Task goal —
With pictures excluded, copy word for word the lines in the data below from the line containing "Fukuoka, Japan - Nov" through the line containing "Lavello inox professionale".

Dataset extract —
+++

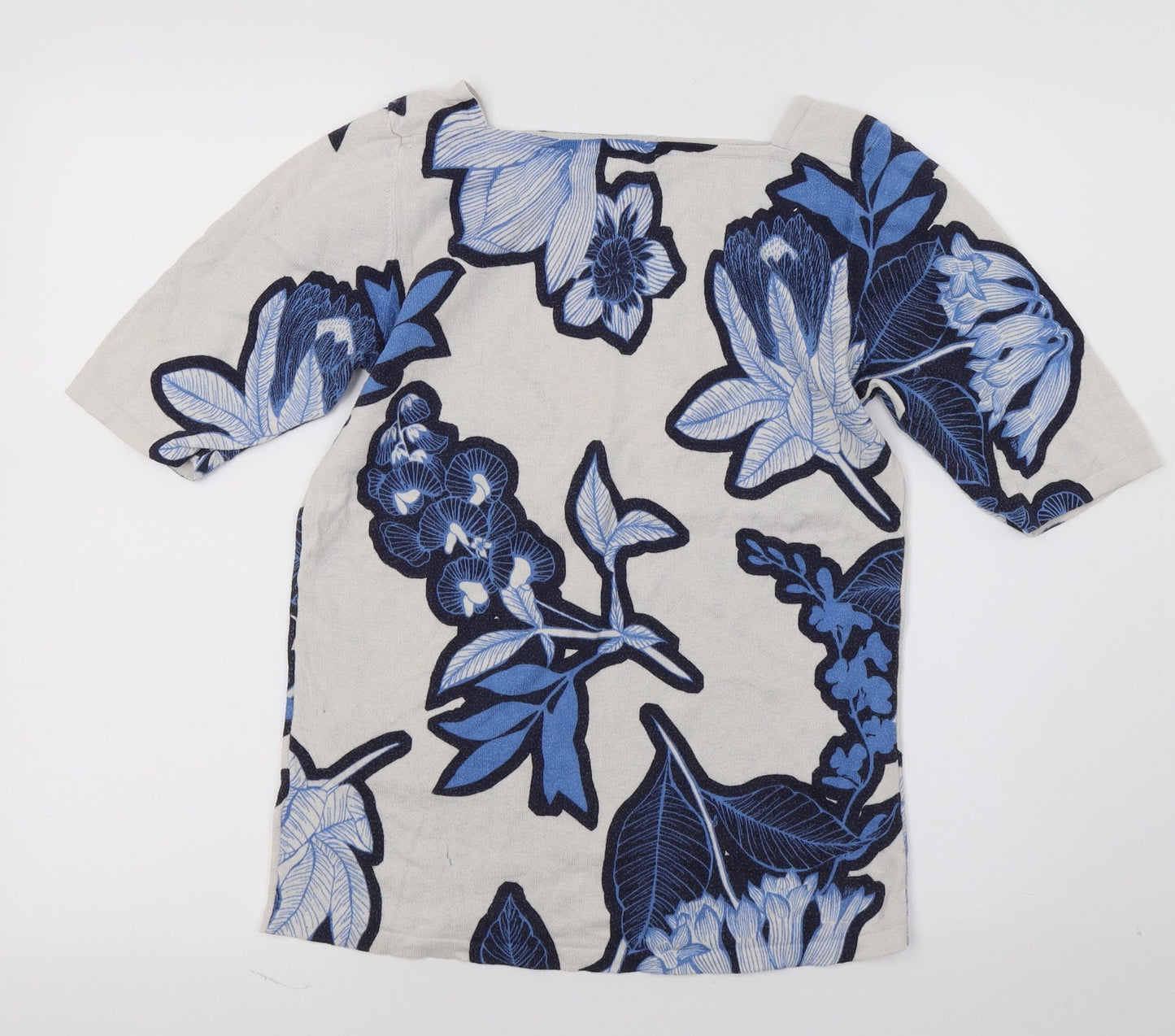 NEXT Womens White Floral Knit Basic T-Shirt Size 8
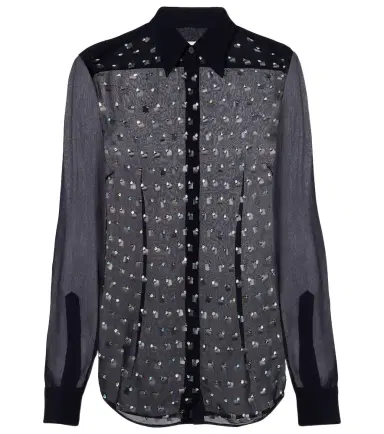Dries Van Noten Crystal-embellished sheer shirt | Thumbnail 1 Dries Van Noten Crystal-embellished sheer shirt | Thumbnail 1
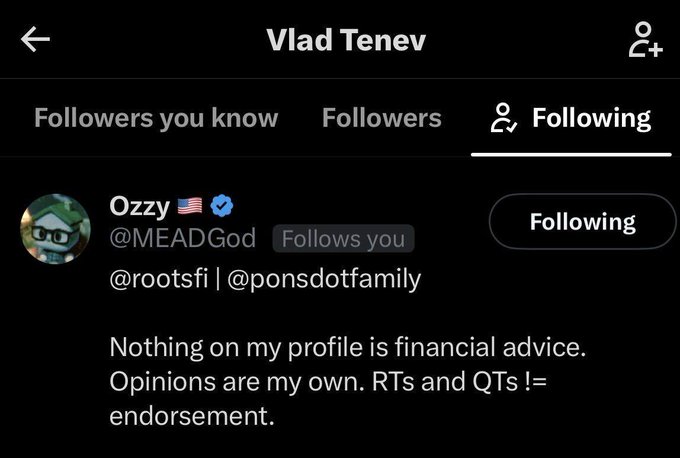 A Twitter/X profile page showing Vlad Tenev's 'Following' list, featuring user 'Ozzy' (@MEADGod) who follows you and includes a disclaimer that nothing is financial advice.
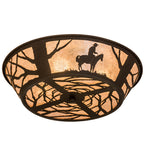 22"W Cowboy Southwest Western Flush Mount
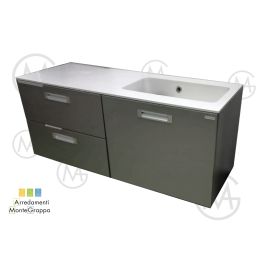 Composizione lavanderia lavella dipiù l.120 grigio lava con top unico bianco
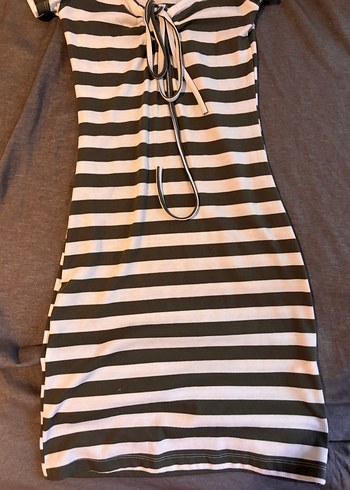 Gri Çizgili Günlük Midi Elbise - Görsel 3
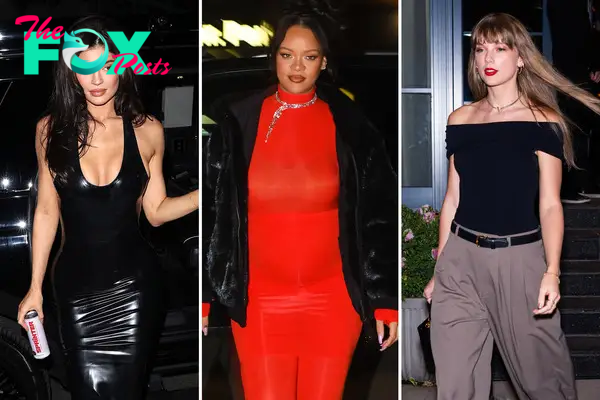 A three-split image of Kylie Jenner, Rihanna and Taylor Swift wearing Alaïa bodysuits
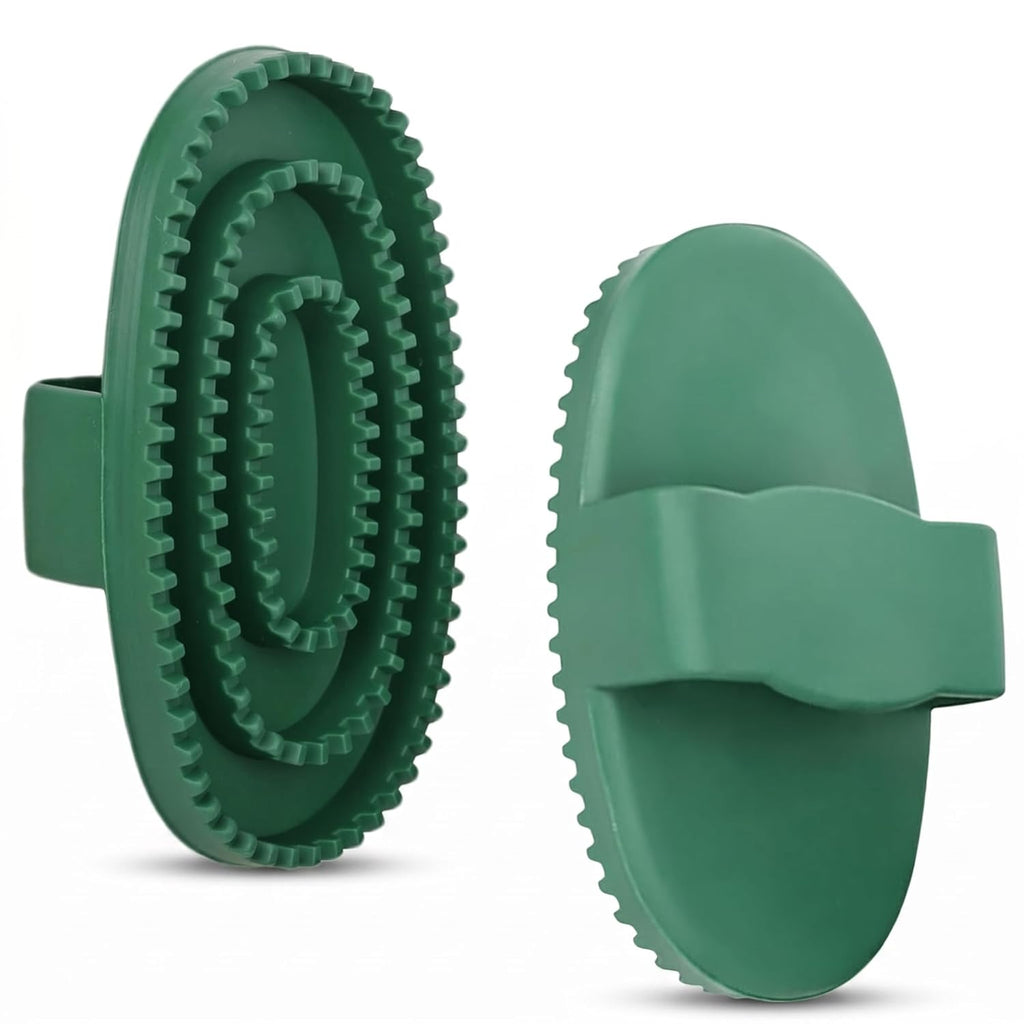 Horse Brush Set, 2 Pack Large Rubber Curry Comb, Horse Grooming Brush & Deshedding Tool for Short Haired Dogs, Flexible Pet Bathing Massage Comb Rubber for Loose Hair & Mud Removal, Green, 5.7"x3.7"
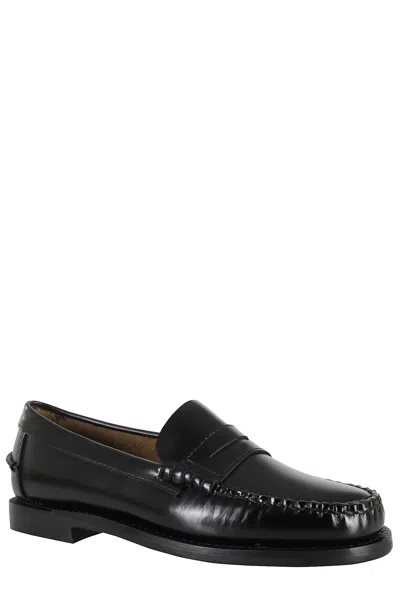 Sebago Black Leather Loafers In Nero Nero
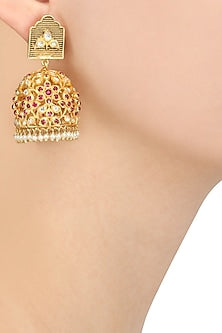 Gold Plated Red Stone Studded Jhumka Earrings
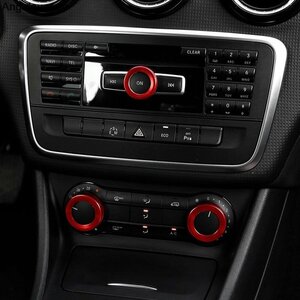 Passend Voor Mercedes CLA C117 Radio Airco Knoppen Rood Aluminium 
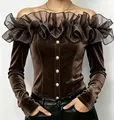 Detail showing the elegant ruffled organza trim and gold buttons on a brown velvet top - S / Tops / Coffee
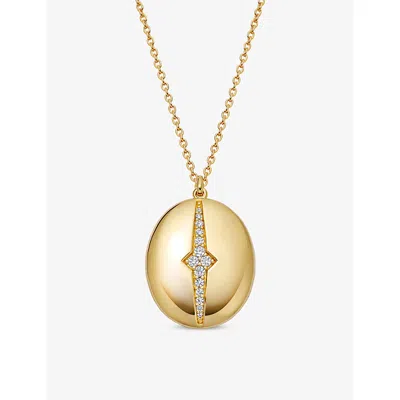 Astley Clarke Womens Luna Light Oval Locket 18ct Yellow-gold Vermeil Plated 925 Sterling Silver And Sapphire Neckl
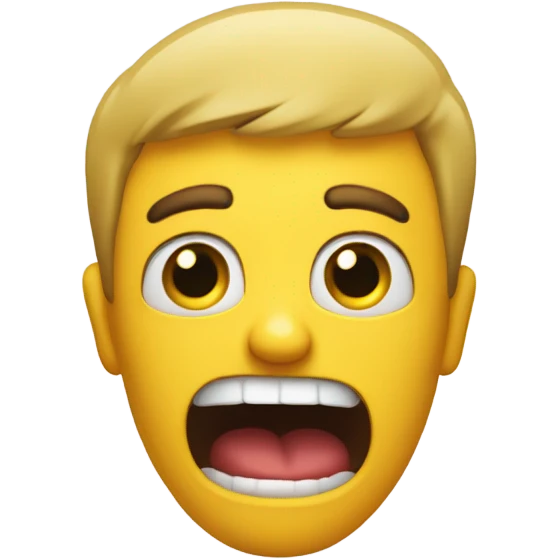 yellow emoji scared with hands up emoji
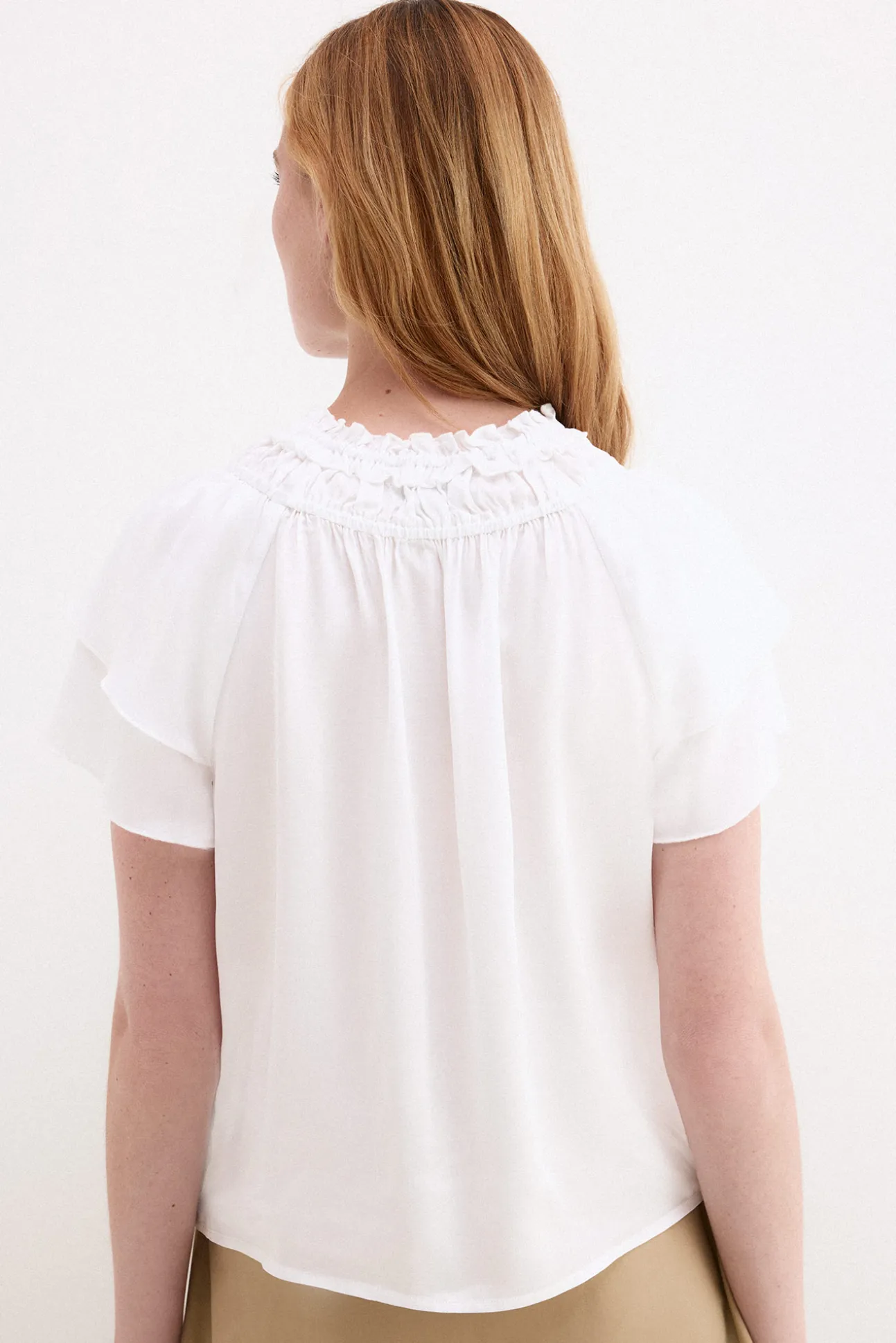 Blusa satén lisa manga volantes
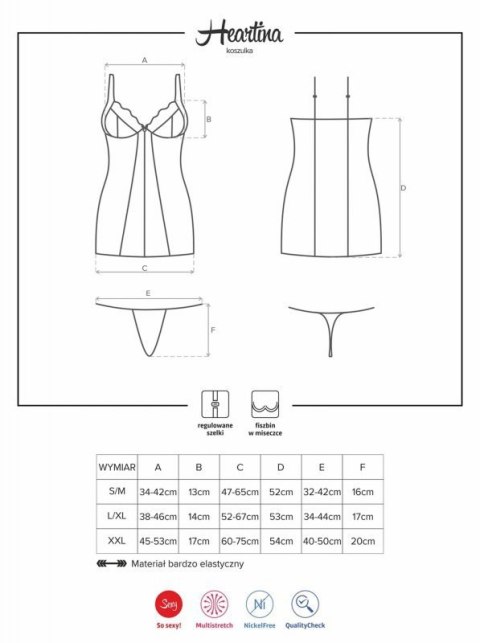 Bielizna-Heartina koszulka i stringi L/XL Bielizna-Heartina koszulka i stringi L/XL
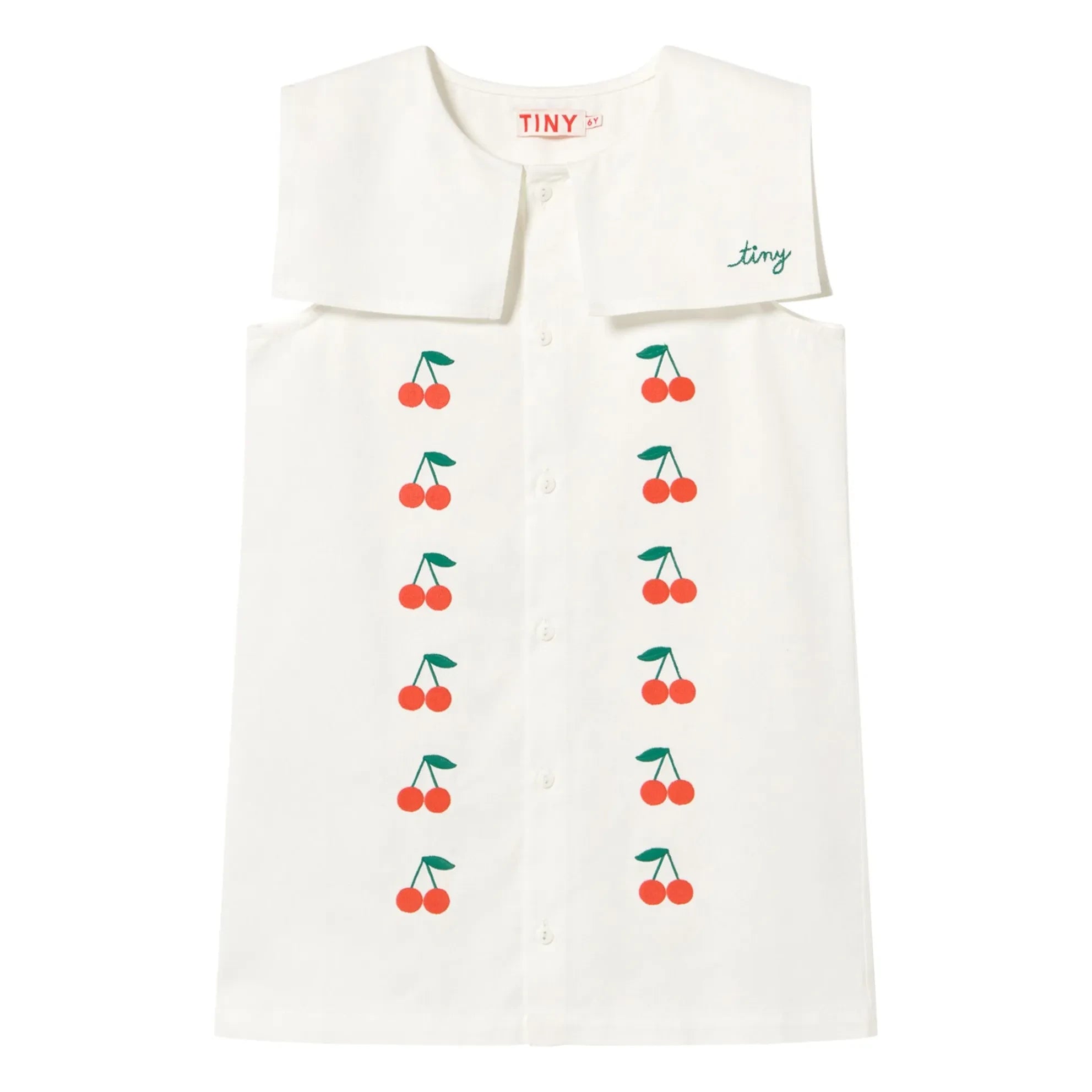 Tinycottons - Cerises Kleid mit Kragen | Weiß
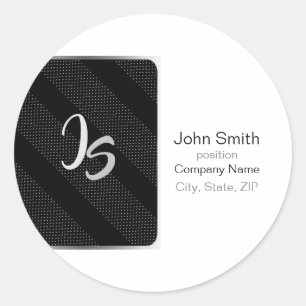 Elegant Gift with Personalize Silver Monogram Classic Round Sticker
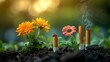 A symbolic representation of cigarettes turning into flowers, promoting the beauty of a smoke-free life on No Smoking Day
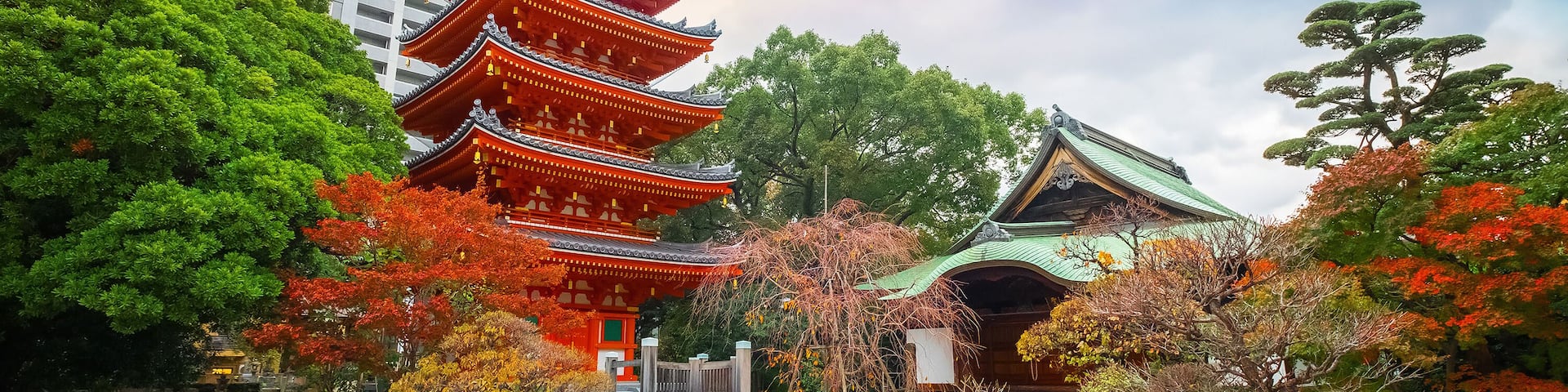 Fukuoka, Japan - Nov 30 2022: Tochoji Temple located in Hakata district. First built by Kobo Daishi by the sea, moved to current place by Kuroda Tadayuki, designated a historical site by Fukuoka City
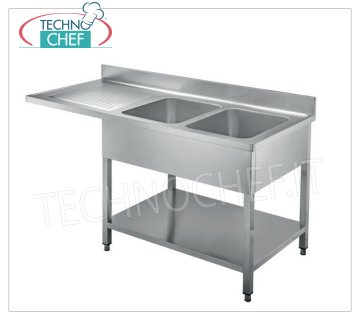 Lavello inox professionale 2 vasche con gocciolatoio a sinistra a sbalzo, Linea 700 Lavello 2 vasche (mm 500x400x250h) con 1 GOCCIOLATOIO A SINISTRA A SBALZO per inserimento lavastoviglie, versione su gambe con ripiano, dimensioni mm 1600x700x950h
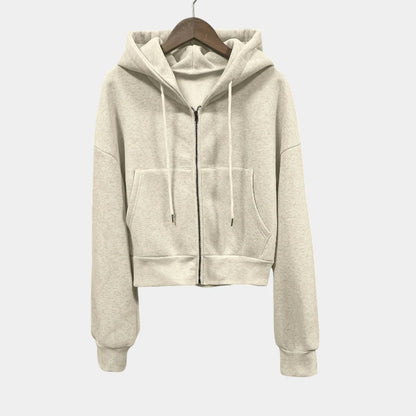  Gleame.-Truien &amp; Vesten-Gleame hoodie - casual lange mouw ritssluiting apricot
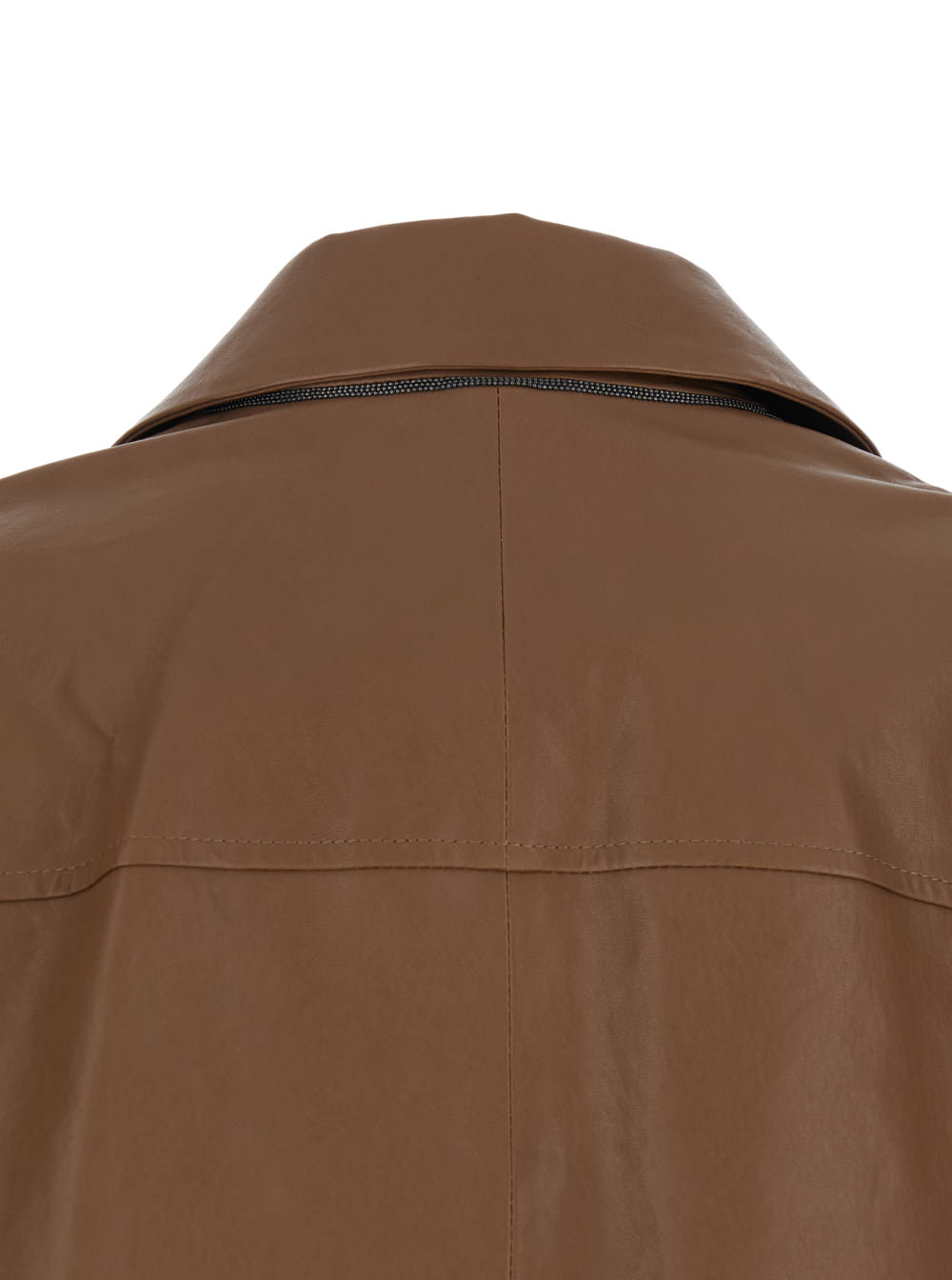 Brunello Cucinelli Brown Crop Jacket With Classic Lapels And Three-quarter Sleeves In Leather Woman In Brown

+++

Solution to this task —
 Fukuoka, Japan - Nov 30 2022: Tochoji Temple located in Hakata district. First built by Kobo Daishi by the sea, moved to current place by Kuroda Tadayuki, designated a historical site by Fukuoka City
 Lavello inox professionale 2 vasche con gocciolatoio a sinistra a sbalzo, Linea 700 Lavello 2 vasche (mm 500x400x250h) con 1 GOCCIOLATOIO A SINISTRA A SBALZO per inserimento lavastoviglie, versione su gambe con ripiano, dimensioni mm 1600x700x950h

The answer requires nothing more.